You can always count on retired priests to just put it out there.
Afterward, as people filed out past glass cases of antique toys, several mentioned a feeling of nostalgia when they heard that phrase: The common good.
“I haven’t heard that for about 20 years,” one person remarked.
I’ve been hearing that phrase a lot more frequently in the media over the past few weeks, as the delta variant of COVID-19 has shattered the fragile feeling of normalcy that many of us enjoyed this summer. Cases of the coronavirus are rising, hospitals are filling up, and the vaccine remains the best way for each of us to protect ourselves, loved ones and our communities.
Most Americans still believe in the common good and believe it has priority over personal freedom. In a new national poll published Sunday by USA Today, 61% said the common good was more important than personal liberty,” when it comes to vaccine mandates, while 39% said personal liberty was more important.
Mask mandates had even more support, with 72% in the USA Today/Ipsos poll calling them “a matter of health and safety.” Only 28% said mask mandates were an infringement on personal liberty.
Where we’re not hearing about the common good is from our leaders here in Iowa.

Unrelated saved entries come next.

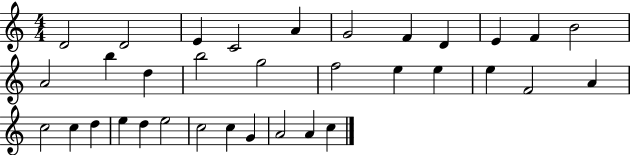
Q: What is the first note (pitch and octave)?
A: D4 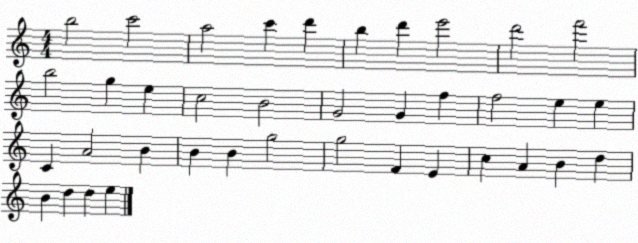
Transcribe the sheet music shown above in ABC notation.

X:1
T:Untitled
M:4/4
L:1/4
K:C
b2 c'2 a2 c' d' b d' e'2 d'2 f'2 b2 g e c2 B2 G2 G f f2 e e C A2 B B B g2 g2 F E c A B d B d d e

Gov. Kim Reynolds and Sen. Joni Ernst were at the State Fair flipping pork chops when they were asked about the federal government authorizing vaccine booster shots. Both emphasized personal choice instead of using the opportunity to explain to Iowans why getting vaccinated serves the common good.
“I would say that, if the science shows that that’s something that’s helpful, then that is a person’s personal prerogative on whether they want to get the booster shot or not,” Ernst said.

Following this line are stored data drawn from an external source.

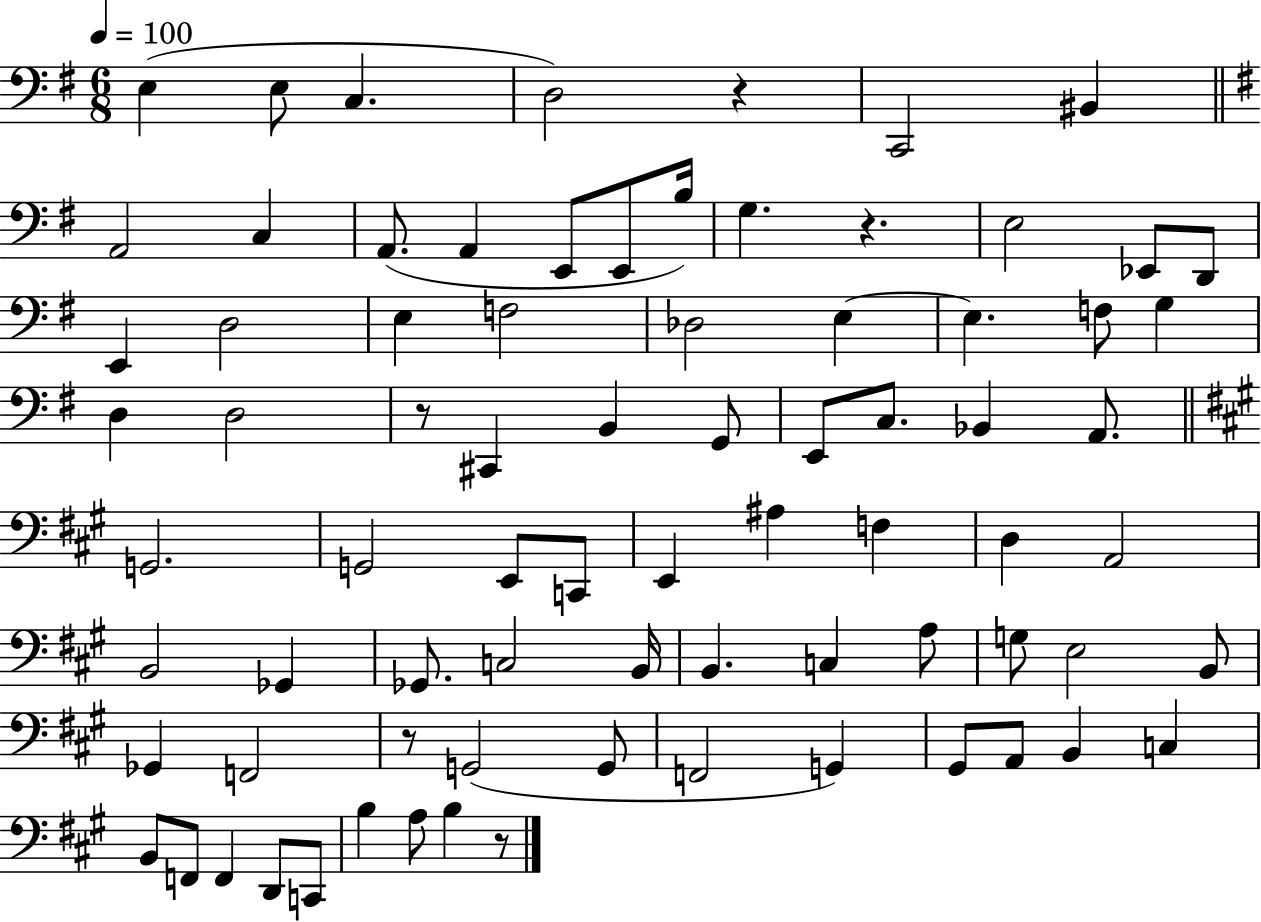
X:1
T:Untitled
M:6/8
L:1/4
K:G
E, E,/2 C, D,2 z C,,2 ^B,, A,,2 C, A,,/2 A,, E,,/2 E,,/2 B,/4 G, z E,2 _E,,/2 D,,/2 E,, D,2 E, F,2 _D,2 E, E, F,/2 G, D, D,2 z/2 ^C,, B,, G,,/2 E,,/2 C,/2 _B,, A,,/2 G,,2 G,,2 E,,/2 C,,/2 E,, ^A, F, D, A,,2 B,,2 _G,, _G,,/2 C,2 B,,/4 B,, C, A,/2 G,/2 E,2 B,,/2 _G,, F,,2 z/2 G,,2 G,,/2 F,,2 G,, ^G,,/2 A,,/2 B,, C, B,,/2 F,,/2 F,, D,,/2 C,,/2 B, A,/2 B, z/2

“I completely concur with that,” Reynolds added. “It will be their decision.”
Ernst and Reynolds are both vaccinated and both have encouraged Iowans to do likewise. Unfortunately, both have also decided to make the politically expedient choice to validate others’ right to be selfish or ignorant.
People can, of course, make a personal decision to choose the common good over their personal freedom. Americans have done this many times over history, even choosing to fight and die for their country. It’s not always clear to everyone what it means to act in the common good, however. That’s why we need leaders: People who will help define the common good and persuade everyone to work for it.
When the people in power don’t have the conviction or courage to lead, it’s easy to lose sight of what’s in our collective best interests. When elected officials try to pretend all choices are equally valid to avoid offending anyone, that’s not leadership. It’s pandering, and it’s hurting our state.
Iowans like nostalgia. We flock to the State Fair for old-timey entertainment: livestock shows, hog calling contests, blue ribbons for baking and gigantic pumpkins. It’s time to hark back to a time when we used our personal freedom to choose what’s best for everyone.